__Work to complete__: Go through the entries below and say how many lines contain the string "Luxury"; write only that number.

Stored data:
*** Block opens ***

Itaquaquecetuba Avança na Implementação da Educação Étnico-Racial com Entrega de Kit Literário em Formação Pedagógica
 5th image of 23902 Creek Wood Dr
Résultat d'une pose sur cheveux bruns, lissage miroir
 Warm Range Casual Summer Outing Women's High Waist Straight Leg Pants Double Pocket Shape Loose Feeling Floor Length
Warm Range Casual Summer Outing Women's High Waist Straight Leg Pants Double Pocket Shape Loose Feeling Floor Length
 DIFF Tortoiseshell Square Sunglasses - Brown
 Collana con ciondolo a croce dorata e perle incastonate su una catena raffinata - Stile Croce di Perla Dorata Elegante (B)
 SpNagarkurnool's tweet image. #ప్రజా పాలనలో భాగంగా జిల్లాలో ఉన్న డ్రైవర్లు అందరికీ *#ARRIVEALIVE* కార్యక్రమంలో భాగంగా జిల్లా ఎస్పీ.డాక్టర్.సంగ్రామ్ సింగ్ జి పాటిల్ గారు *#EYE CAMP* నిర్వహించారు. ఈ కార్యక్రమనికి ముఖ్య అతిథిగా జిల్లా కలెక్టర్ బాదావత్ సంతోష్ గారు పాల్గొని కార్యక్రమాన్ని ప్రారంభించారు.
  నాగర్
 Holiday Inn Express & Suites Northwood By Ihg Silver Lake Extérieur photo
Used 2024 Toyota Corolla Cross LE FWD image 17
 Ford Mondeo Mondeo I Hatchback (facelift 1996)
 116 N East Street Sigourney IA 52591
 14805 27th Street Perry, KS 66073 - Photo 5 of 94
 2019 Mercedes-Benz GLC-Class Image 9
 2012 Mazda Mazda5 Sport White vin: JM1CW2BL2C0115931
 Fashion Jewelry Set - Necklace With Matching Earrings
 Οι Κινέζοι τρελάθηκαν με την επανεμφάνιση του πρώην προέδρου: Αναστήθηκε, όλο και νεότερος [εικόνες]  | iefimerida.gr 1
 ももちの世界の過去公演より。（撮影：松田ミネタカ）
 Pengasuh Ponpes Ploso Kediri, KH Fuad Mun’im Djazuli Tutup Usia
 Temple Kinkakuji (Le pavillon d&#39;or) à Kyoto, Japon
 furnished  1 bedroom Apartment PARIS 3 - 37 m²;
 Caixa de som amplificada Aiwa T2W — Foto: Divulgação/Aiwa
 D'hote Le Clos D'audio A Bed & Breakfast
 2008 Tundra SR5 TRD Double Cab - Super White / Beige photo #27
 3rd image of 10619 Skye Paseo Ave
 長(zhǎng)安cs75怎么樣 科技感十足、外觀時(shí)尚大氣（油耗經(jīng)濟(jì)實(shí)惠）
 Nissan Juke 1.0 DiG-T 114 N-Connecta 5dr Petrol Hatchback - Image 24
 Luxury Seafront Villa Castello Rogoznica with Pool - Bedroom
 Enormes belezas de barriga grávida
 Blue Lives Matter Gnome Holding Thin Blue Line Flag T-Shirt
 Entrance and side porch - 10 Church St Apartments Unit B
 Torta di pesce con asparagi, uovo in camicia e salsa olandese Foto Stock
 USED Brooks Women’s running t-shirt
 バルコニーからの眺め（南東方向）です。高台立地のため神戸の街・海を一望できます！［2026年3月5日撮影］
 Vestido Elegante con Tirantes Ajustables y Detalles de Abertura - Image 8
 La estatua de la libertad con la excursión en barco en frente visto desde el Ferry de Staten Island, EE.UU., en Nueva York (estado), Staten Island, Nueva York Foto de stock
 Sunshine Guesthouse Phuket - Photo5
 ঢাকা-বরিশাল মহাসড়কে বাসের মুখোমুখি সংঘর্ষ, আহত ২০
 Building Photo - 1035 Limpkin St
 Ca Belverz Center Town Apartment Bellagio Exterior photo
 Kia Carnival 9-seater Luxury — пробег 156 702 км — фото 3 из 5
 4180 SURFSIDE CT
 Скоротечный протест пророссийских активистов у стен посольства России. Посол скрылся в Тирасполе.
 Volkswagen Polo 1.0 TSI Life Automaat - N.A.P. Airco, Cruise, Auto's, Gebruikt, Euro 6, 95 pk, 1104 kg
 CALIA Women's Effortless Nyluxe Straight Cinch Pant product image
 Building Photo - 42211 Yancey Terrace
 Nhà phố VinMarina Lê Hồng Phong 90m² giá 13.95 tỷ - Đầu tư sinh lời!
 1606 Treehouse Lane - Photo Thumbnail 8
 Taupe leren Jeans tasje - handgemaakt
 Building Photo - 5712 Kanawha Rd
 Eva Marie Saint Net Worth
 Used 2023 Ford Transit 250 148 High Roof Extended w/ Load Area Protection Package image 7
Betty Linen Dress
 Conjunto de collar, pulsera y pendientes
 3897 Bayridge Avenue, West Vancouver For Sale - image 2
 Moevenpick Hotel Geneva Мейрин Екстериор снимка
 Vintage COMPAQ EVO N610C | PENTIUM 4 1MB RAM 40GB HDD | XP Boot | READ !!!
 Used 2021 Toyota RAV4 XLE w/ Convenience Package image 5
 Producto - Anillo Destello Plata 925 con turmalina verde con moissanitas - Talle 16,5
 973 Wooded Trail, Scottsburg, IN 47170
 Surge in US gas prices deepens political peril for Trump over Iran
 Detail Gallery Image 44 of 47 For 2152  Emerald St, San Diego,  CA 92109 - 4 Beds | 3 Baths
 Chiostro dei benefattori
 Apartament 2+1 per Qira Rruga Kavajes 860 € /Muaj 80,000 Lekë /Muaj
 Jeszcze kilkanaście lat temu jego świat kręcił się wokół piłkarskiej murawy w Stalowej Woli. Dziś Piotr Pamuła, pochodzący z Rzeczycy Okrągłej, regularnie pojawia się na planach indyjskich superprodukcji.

*** Block closes ***

__Response to this task__: 2